DESCRIPTION OF THE TASK:
Retype nothing except the lines below from the one with "image 1 of Fruit" through the one with "Hollywood Circle 3 Light Pendant | Gold", exactly, with images left out.

INFORMATION PROVIDED:
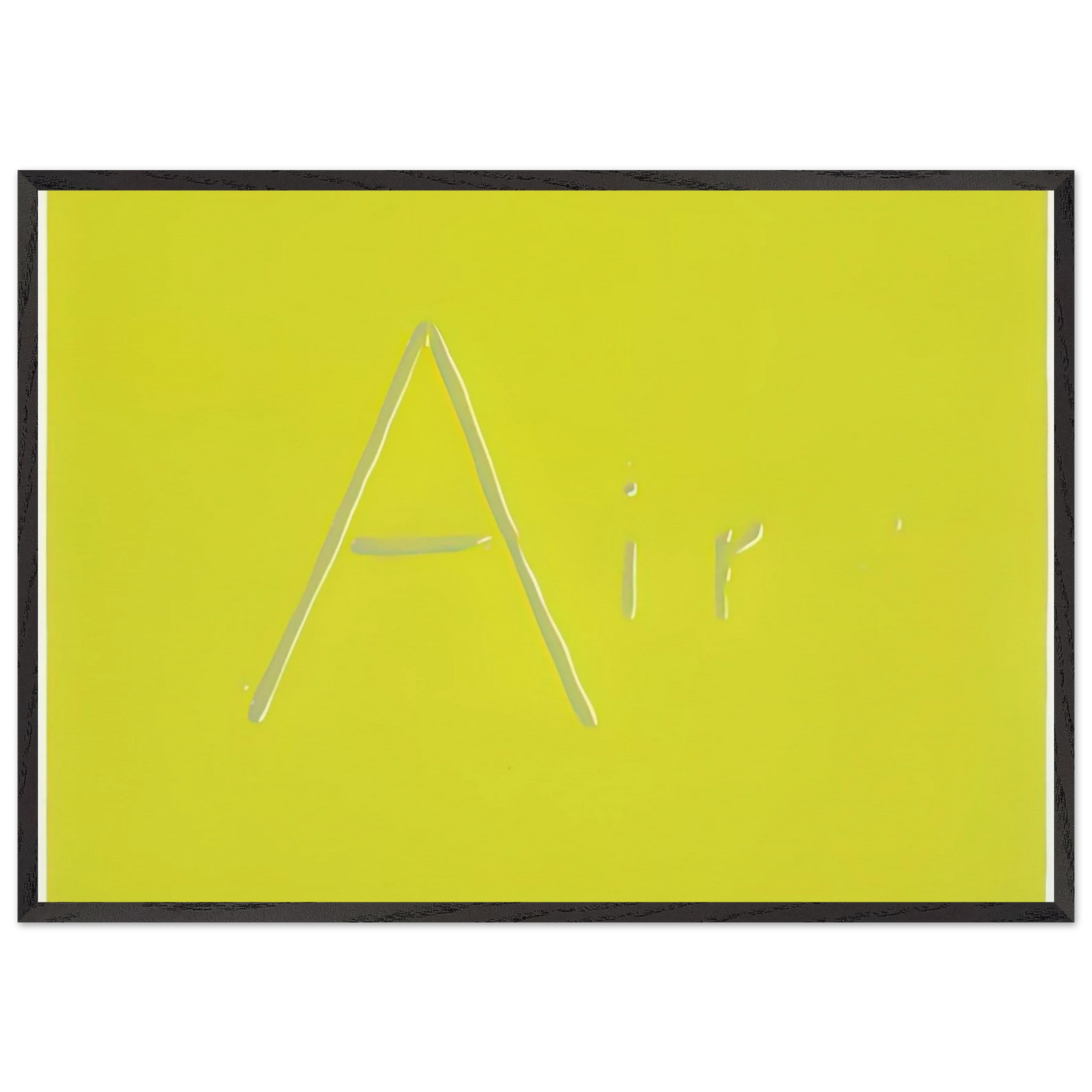 AIR 1969 - Edward Ruscha Framed Art Print – Black Wooden Frame - Default Title - -Framed Art Print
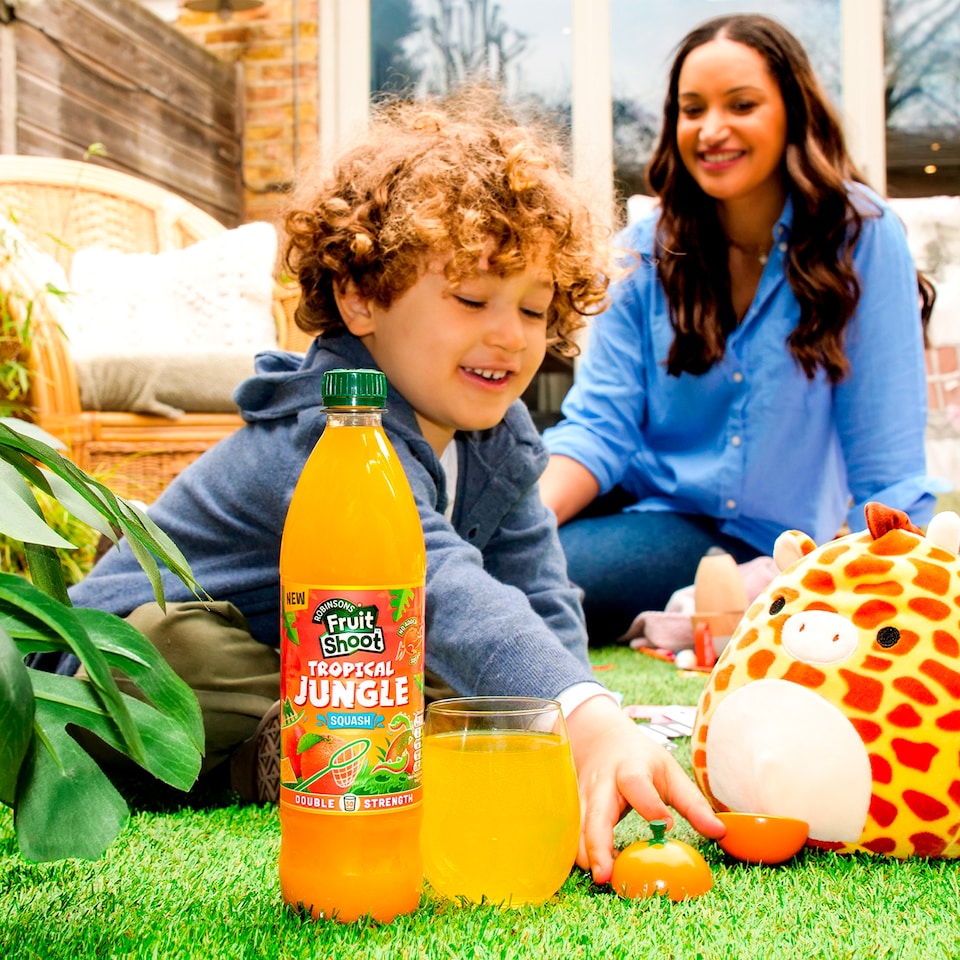 image 1 of Fruit Shoot Double Strength Tropical Jungle No Added Sugar Squash 750ml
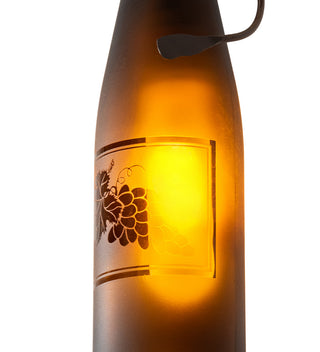 5 Wide Tuscan Vineyard Wine Bottle Pendant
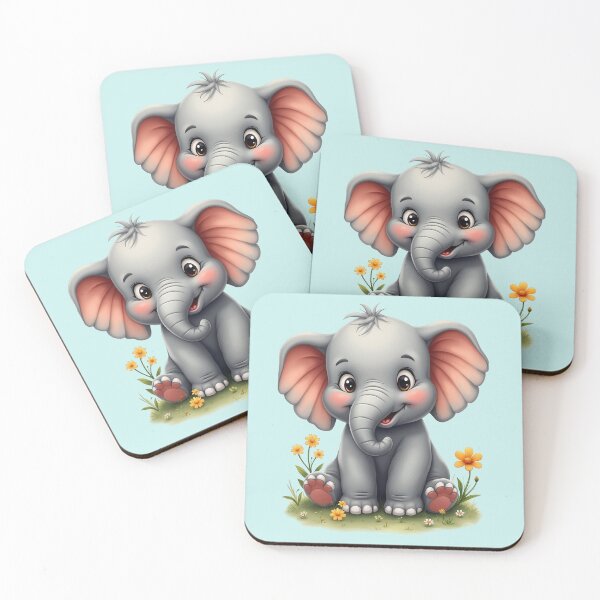 Item preview, Charming Baby Elephant designed and sold by Iskander369.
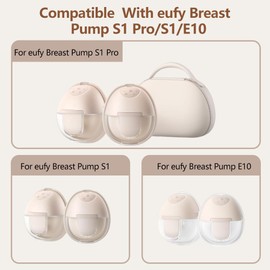 6pcs Duckbill Valves Compatible with eufy S1 Pro/S1/E10 Wearable Breast Pump, Replace for eufy Pump Original Parts Duckbill Valve, Leak-Proof and Dust-Proof Breast Pump Replacement Parts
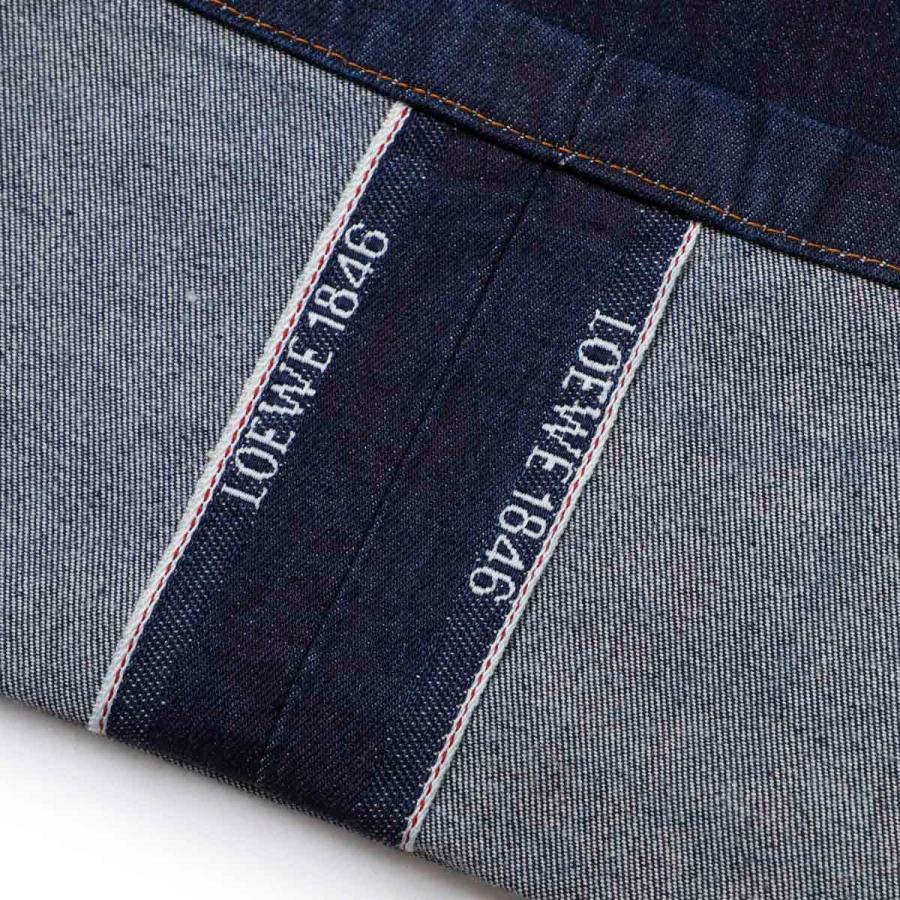 ロエベ LOEWE ボタンフライジーンズ FISHERMAN TURN UP JEANS フィッシャーマンデニム ブルー メンズ h526y11x41-5820｜mb-y｜07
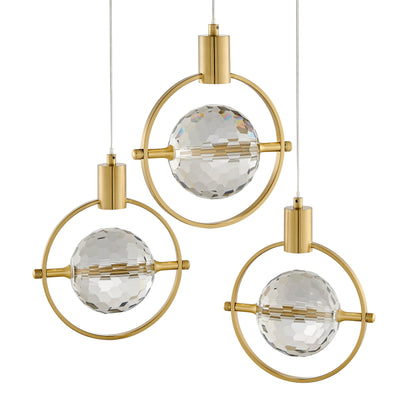 Hollywood Circle 3 Light Pendant | Gold
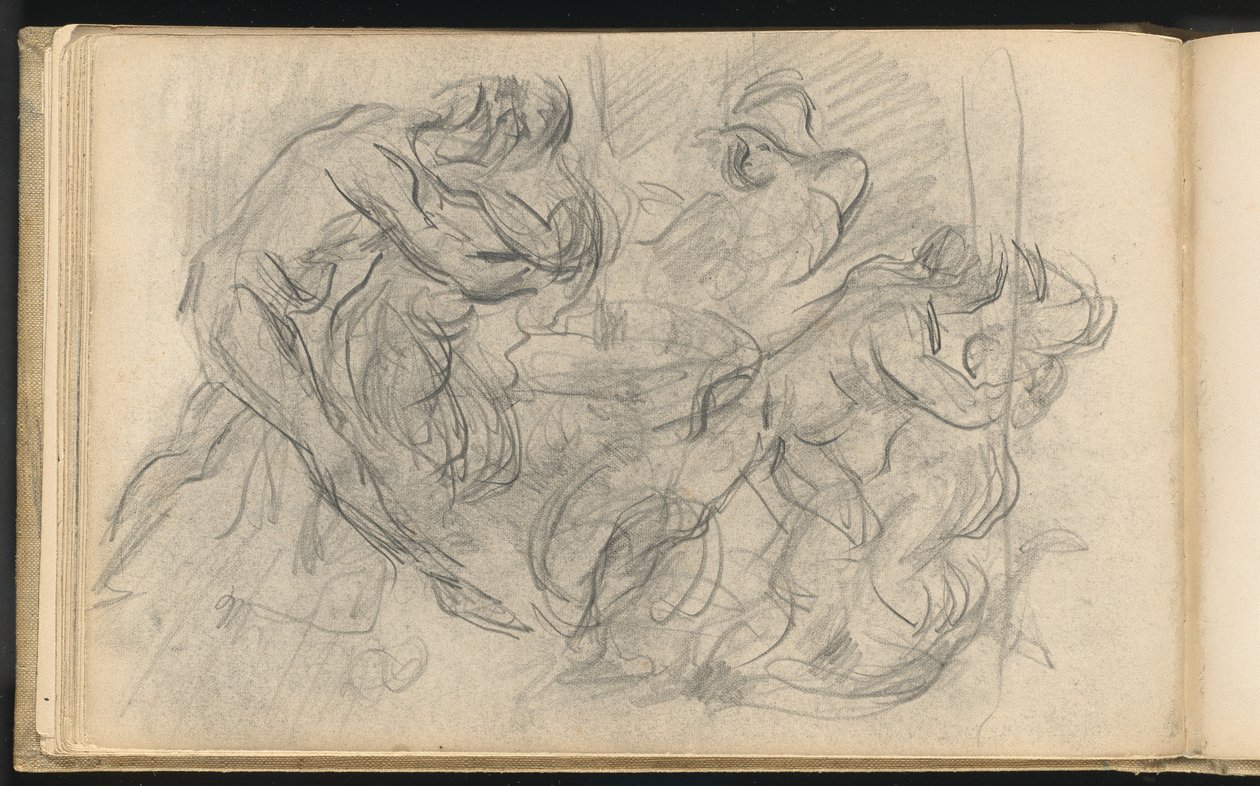 Karnevalsscene av Paul Cézanne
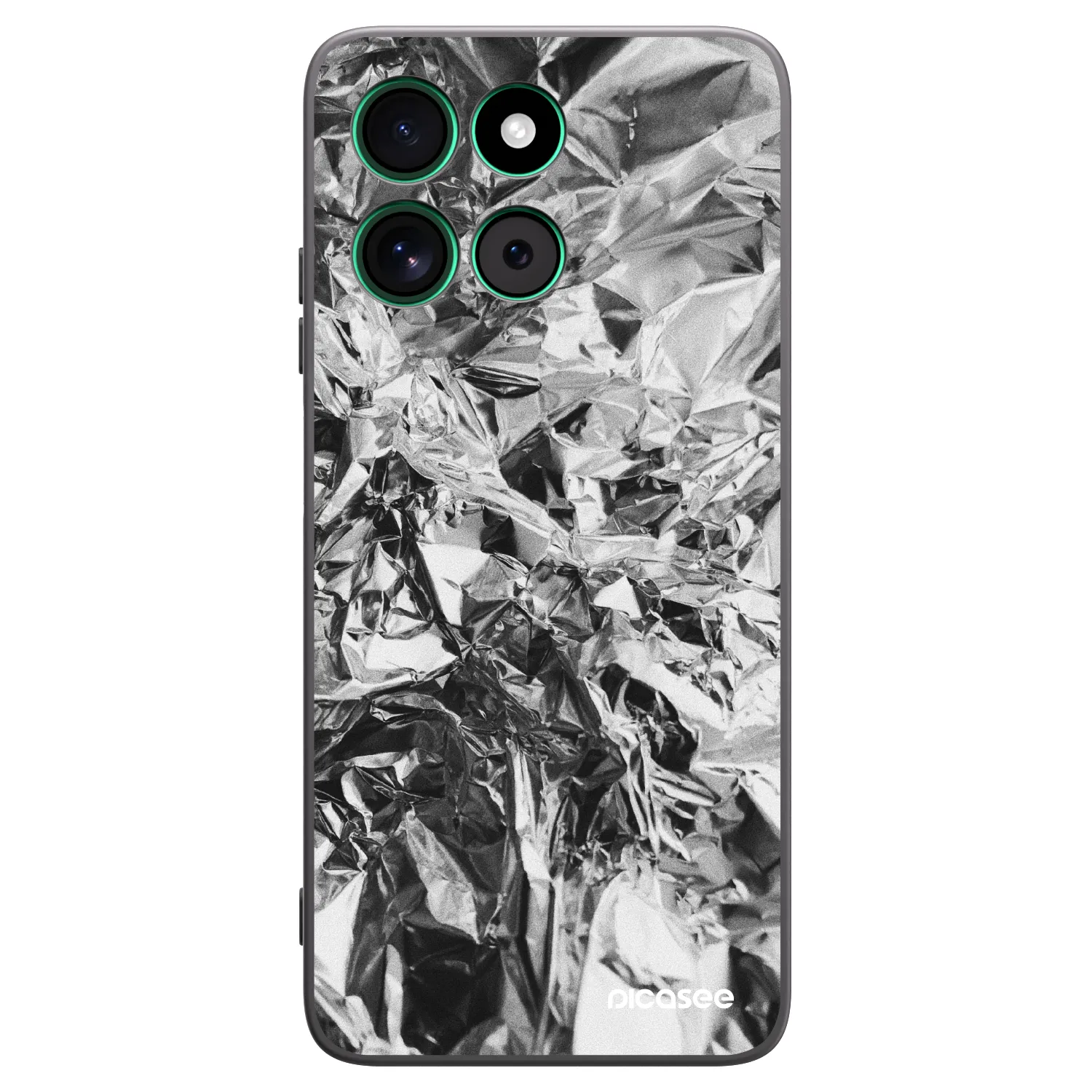 Picasee silikonski črni ovitek za Motorola Moto G57 Power - Chrome
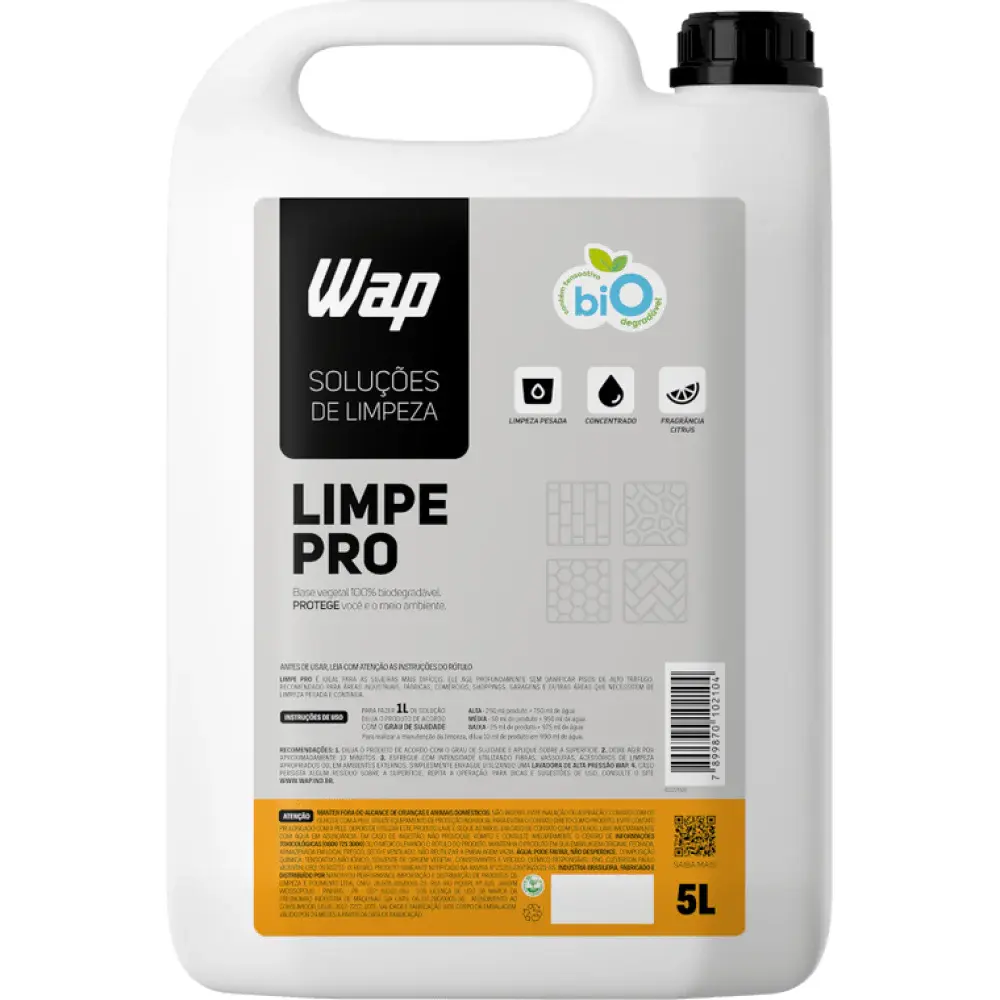 Detergente concentrado para limpeza pesada limpe pro 5L Wap — fotografia de referência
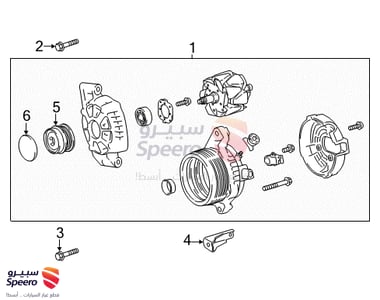 دينمو مكينة - 270600P410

ANSWER TO THIS PROBLEM:
 image 1 of Fruit Shoot Double Strength Tropical Jungle No Added Sugar Squash 750ml
 5 Wide Tuscan Vineyard Wine Bottle Pendant
 Item preview, Charming Baby Elephant designed and sold by Iskander369.
 6pcs Duckbill Valves Compatible with eufy S1 Pro/S1/E10 Wearable Breast Pump, Replace for eufy Pump Original Parts Duckbill Valve, Leak-Proof and Dust-Proof Breast Pump Replacement Parts
 ロエベ LOEWE ボタンフライジーンズ FISHERMAN TURN UP JEANS フィッシャーマンデニム ブルー メンズ h526y11x41-5820｜mb-y｜07
 Hollywood Circle 3 Light Pendant | Gold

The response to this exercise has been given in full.